Entries taken from a collection
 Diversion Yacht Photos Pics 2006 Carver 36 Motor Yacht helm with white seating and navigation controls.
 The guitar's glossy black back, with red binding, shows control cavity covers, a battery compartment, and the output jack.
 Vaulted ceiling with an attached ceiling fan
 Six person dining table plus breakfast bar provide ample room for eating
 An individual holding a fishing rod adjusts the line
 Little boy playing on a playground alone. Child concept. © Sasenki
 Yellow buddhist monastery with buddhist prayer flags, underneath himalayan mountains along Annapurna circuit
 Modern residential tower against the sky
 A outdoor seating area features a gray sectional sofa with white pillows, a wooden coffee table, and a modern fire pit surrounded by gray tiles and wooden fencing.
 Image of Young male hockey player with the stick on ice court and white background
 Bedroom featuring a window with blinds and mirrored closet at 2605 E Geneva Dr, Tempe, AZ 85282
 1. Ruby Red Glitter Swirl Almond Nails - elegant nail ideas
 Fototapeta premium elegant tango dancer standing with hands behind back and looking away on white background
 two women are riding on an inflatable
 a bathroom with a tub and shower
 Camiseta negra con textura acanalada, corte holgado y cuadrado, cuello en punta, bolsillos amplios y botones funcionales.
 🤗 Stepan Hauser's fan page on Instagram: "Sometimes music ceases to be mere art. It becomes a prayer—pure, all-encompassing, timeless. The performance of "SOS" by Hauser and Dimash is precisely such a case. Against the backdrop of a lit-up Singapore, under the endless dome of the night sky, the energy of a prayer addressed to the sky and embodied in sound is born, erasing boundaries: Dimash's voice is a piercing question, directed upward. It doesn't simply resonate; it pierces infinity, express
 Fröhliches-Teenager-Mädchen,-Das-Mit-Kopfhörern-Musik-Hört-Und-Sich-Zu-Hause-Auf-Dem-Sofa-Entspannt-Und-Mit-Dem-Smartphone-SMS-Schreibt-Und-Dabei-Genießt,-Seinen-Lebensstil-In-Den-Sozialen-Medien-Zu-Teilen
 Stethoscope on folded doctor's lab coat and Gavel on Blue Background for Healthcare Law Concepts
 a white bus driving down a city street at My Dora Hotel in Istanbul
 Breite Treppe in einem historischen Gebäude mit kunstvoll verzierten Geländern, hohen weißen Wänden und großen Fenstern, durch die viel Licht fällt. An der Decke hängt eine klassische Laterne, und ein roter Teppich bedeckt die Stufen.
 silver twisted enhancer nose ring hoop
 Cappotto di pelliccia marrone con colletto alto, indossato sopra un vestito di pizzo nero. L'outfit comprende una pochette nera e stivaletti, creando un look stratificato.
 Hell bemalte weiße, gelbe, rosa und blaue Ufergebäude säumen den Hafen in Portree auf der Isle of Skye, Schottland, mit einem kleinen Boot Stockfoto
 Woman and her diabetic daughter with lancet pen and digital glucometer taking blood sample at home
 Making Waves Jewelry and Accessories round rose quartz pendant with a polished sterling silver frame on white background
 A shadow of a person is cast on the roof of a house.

**Aim of the exercise**
Your response should be each line that includes the word "seating", copied from the records.

**Output for this task**
 Diversion Yacht Photos Pics 2006 Carver 36 Motor Yacht helm with white seating and navigation controls.
 A outdoor seating area features a gray sectional sofa with white pillows, a wooden coffee table, and a modern fire pit surrounded by gray tiles and wooden fencing.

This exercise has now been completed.